Além disso, praticamente todos os presidentes
posteriores à ditadura trataram os militares (e seus interesses) com muita
cautela – o que demonstra certo receio em desagradar a caserna.
Qual a representatividade do general Mourão no Exército?
O general Mourão ocupa um cargo importante. Desde
2015, é secretário de economia e finanças do Exército. Mas ele tem um perfil de
polemista que desagrada diversos outros oficiais.
Sua transferência para a função atual, mais
burocrática do que operacional, já havia ocorrido porque ele se envolveu em
outra polêmica política.
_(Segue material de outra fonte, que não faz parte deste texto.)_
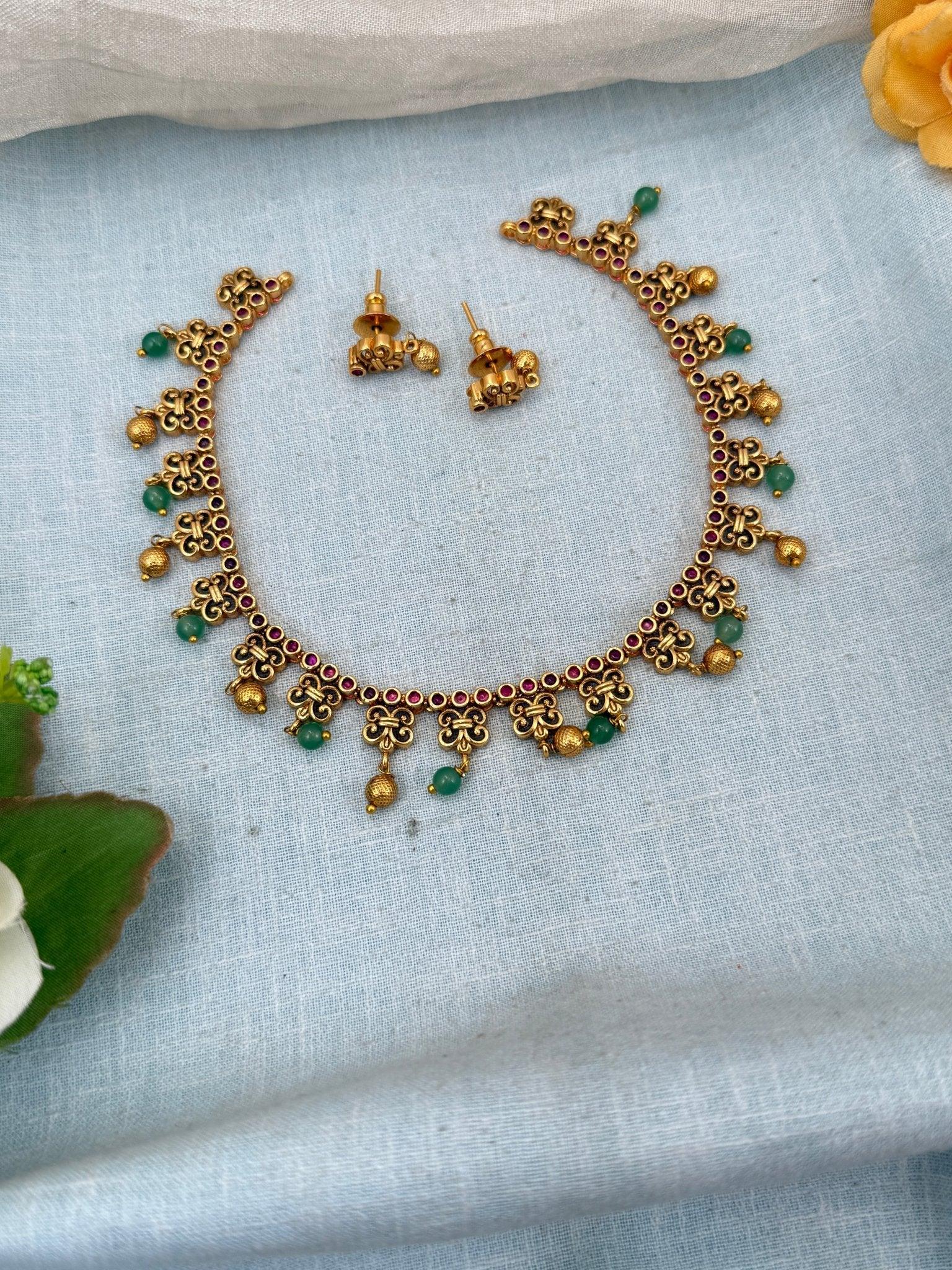 Simple Antique Short Necklace Set 0147 - Mahilas
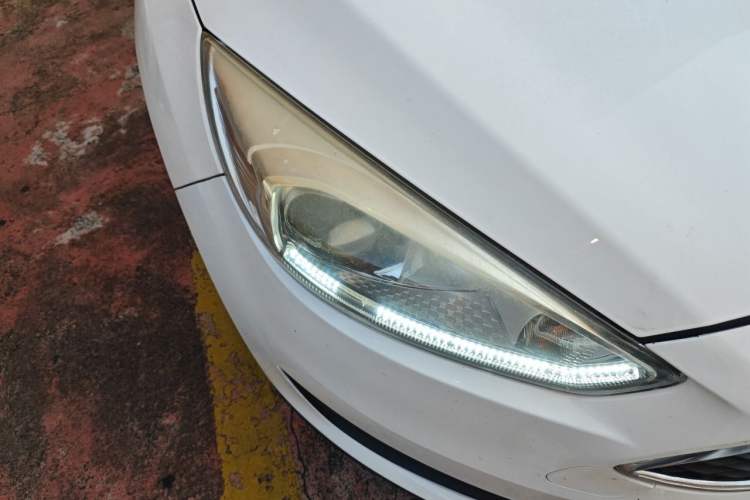 Used Ford Focus 2017 1.5T CTCC White and Black Limited Edition Right Front Headlight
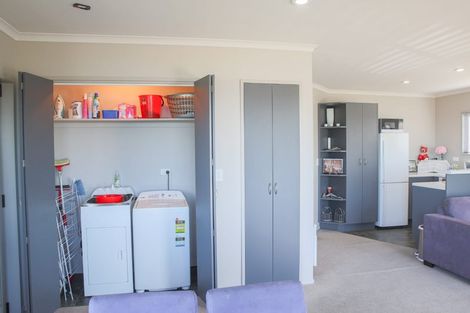 Photo of property in 2 Burrows Street, Bluff, 9814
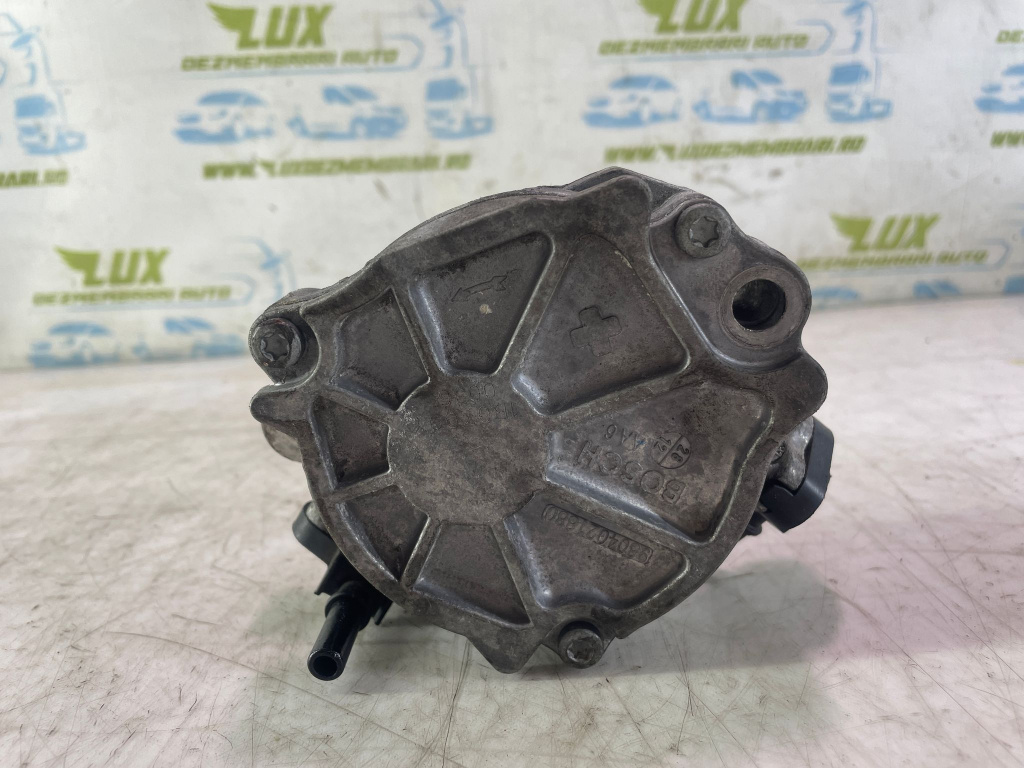 Pompa vacuum 9804021880 1.6 d D4162T Volvo V40 2 [2012 - 2016] 1.6 d D4162T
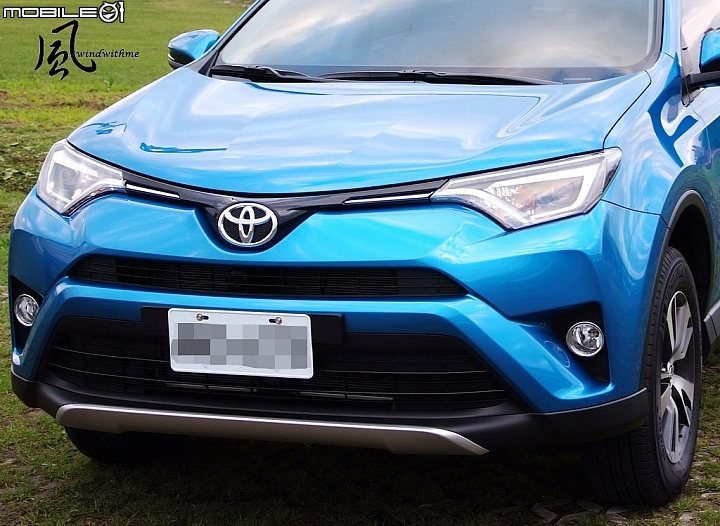 TOYOTA RAV4 2.0豪華版璀璨藍之交車心得分享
Quando ocupava o Comando Militar do Sul, criticou a
então presidente Dilma Rousseff ao ser questionado sobre o impeachment. Disse,
à época, que “a mera substituição da presidente da República não trará mudança
significativa no status quo” e que “a vantagem da mudança seria o
descarte da incompetência, má gestão e corrupção”. Além disso, promoveu uma
homenagem póstuma ao coronel Brilhante Ustra, condenado pela Justiça por
tortura durante o regime militar.
Os militares, na hipótese de voltarem ao poder, “consertariam” o país?
Qualquer afirmação seria mera futurologia. Em
geral, imagina-se que os generais tenham um alinhamento com a direita. Mas não
se sabe exatamente qual seria o projeto político dos comandantes das Forças
Armadas para o país: o que pensam sobre economia, investimentos sociais, nem
mesmo o que fariam para “acabar” com a corrupção e para tirar o país da crise
política.
Apesar disso, é possível especular, com boa dose
de base factual, que a “intervenção saneadora” dos militares iria acirrar a
crise política, com possíveis efeitos na economia. Os oposicionistas
denunciariam o golpe e trabalhariam para restabelecer a ordem constitucional.
Greves poderiam ser deflagradas.
Isso só não iria ocorrer se houvesse repressão.
E, nesse caso, o custo de supostamente “consertar” o país seria levar a nação a
uma ditadura. E, como ocorreu após 1964, o acirramento do regime poderia levar
o país a um conflito armado interno.
Além disso, o governo militar, para ter um mínimo
de estabilidade, também teria de estabelecer alianças com segmentos da
sociedade, inclusive com lideranças políticas – o que derrubaria o argumento de
que as Forças Armadas iriam “limpar” o país dos políticos. A ditadura militar,
por exemplo, fechou essas alianças. Inclusive com políticos que se envolveram
em suspeitas de corrupção – Paulo Maluf é um exemplo.
Também é improvável que um regime militar
conseguisse acabar com a corrupção – no máximo iria conseguir diminuí-la. É
preciso lembrar que também houve casos de corrupção no período da ditadura que
vieram a público apesar da censura que existia à época.
Dentre os defensores da ideia da intervenção
militar há quem pregue a necessidade de as Forças Armadas tomarem o poder para
sanear o país rapidamente e, para logo depois, devolver o governo aos civis. O
golpe de 1964 começou com esse discurso. E os militares só entregaram o poder
aos políticos em 1985. E o Brasil que teve de ser administrado pelos civis
estava em péssima situação econômica, com inflação alta e dívida externa
crescente. E a corrupção não havia acabado.